The Las Fallas celebration dates back to the Middle Ages when excess winter supplies were torched in an equivalent to a spring cleaning. Today’s rendition takes a more grandiose approach, paying homage to Spain’s history and culture with spectacular displays of pyrotechnics.
Las Fallas 2013 (Photo by: Junta Central Fellera)
- Fiery Evolution of Las Fallas
Lighting fires has long been a way to kick off the start of spring. Long before lightbulbs, Valencian carpenters and artisans plied their trades under candlelight, using pieces of wood called parots as wick holders. Come spring, when sunlight replaced candlelight, the parots were burned. The pagan ritual merged with the church's commemoration of Saint Joseph, the patron saint of the carpenters, and thus Las Fallas was born.

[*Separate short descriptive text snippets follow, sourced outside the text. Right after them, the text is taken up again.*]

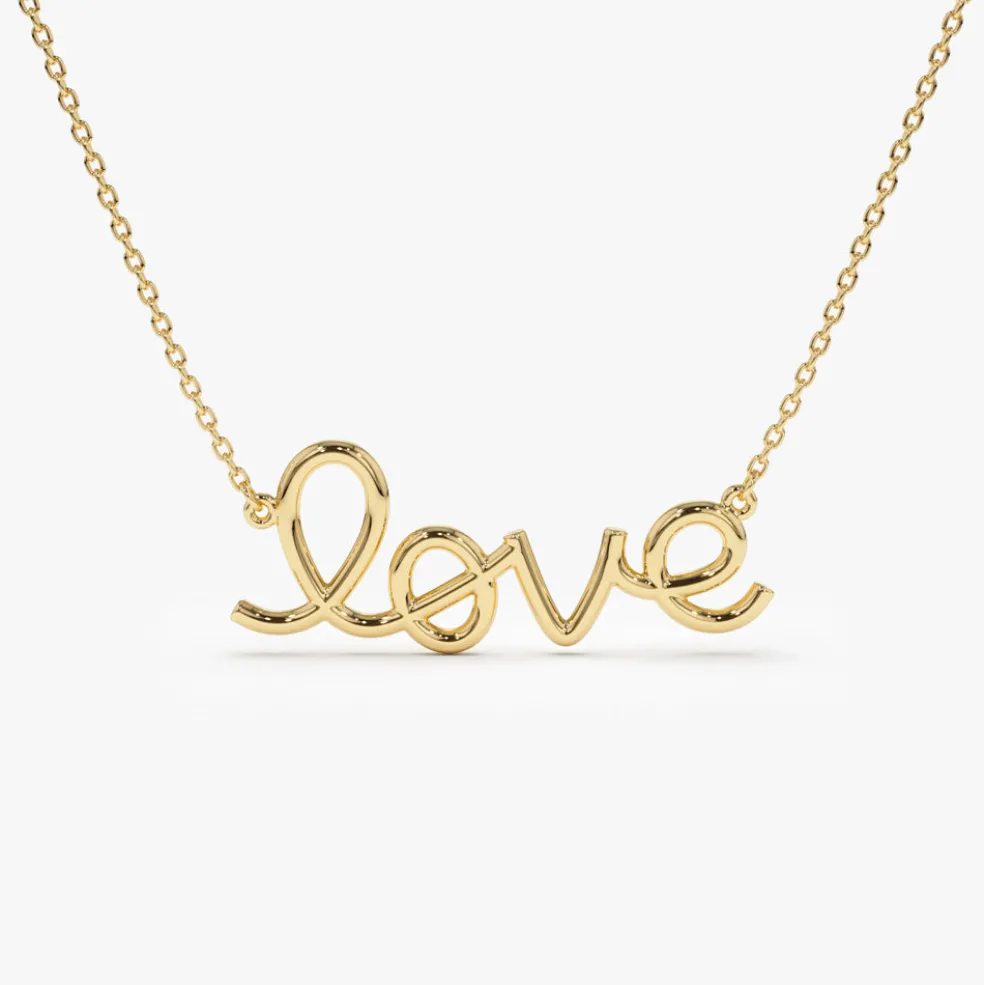 14k Solid Gold Love Necklace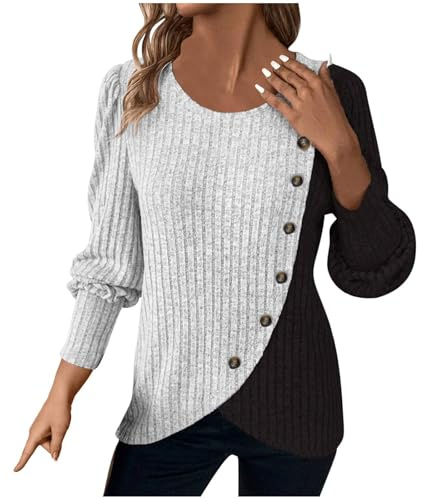 KUIH Tunic Tops for Women UK,Ladies Jumpers Knitted Crew Neck Long Sleeve Tops Jumper Casual Blouses Buttons Side Front Slit Sweatshirt Pullover Sweaters Spring Autumn Winter Clothes Gray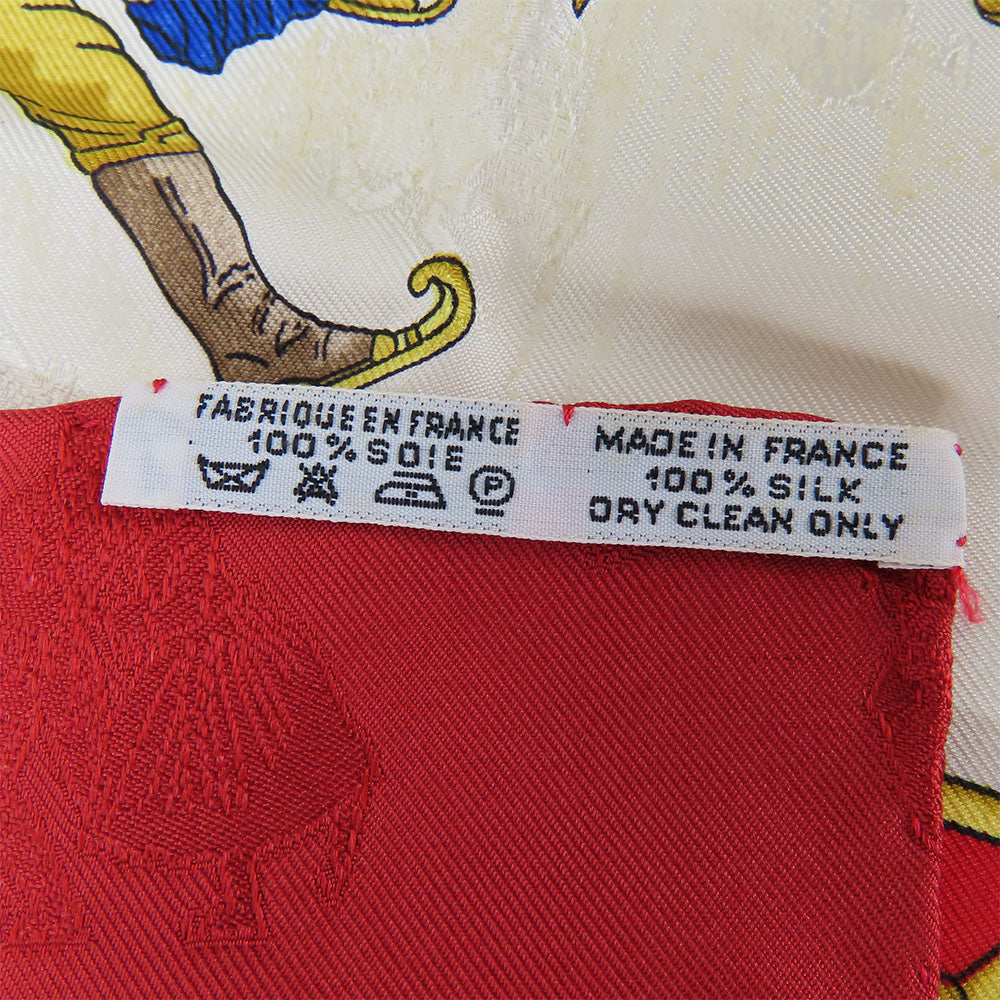HERMES scarf silk Red Joies d'Hiver Carre90 Women Used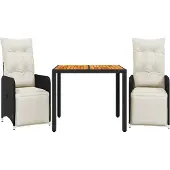 vidaXL 3-delige tuin-bistroset met kussens, zwart, polyrotan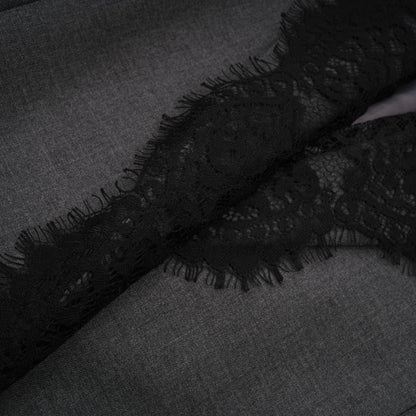 Charcoal Grey Lace Trim Blazer Jacket with Pockets for Women - Diana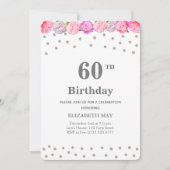 Floral 40e, 60e verjaardag met diamanten kaart (Voorkant)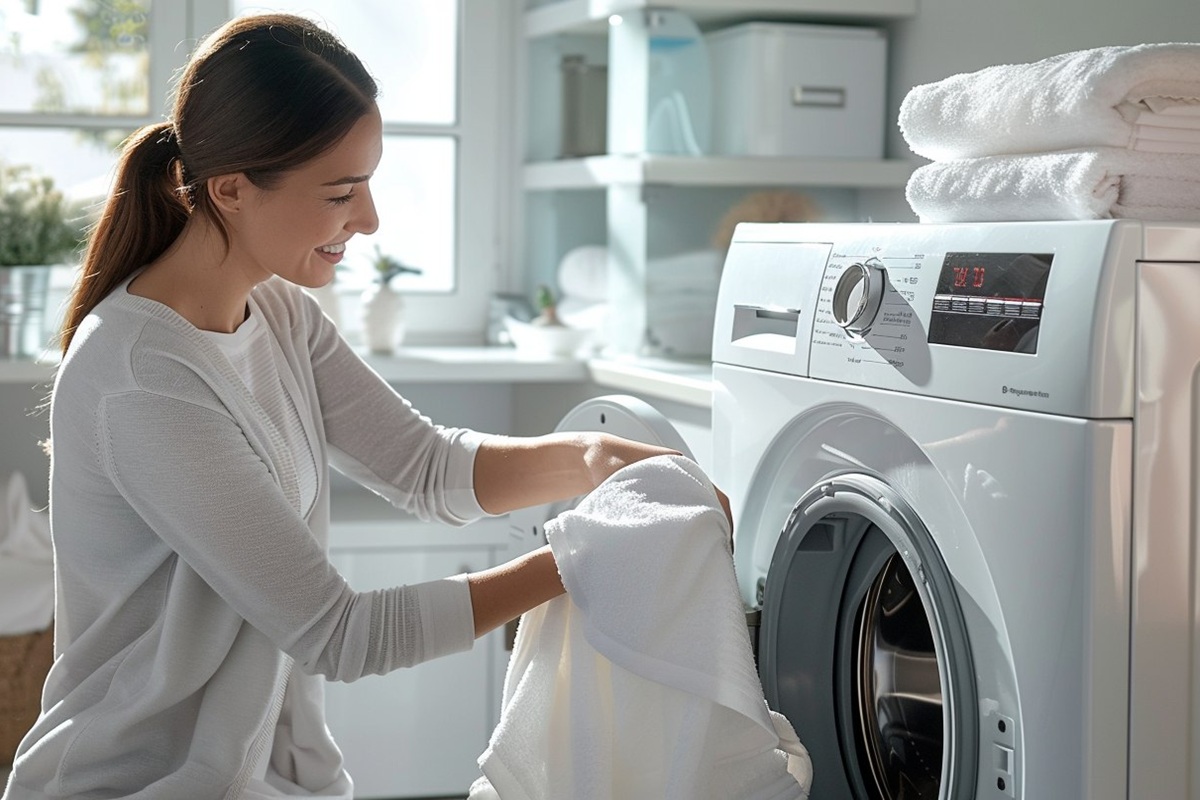 Nahaufnahme einer Reinigung der Waschmaschinendichtung mit Handschuhen und Tuch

As time passed, traditions evolved. The parots took on human forms. Today, the effigies are dressed up in costumes: the larger ones are called fallas, the smaller, doll-like ones, ninot. Over time, the ninots grew in both size and detail, as did the cartoonish fallas, which typically depict satirical scenes and current events. Polystyrene replaced the fallas’ papier mâché-covered wooden frames, allowing them structures of up to 30 meters (100 feet). During the grand finale, all works end up in a blaze, except for one to be preserved in the Museo Fallero as a symbol of prosperity.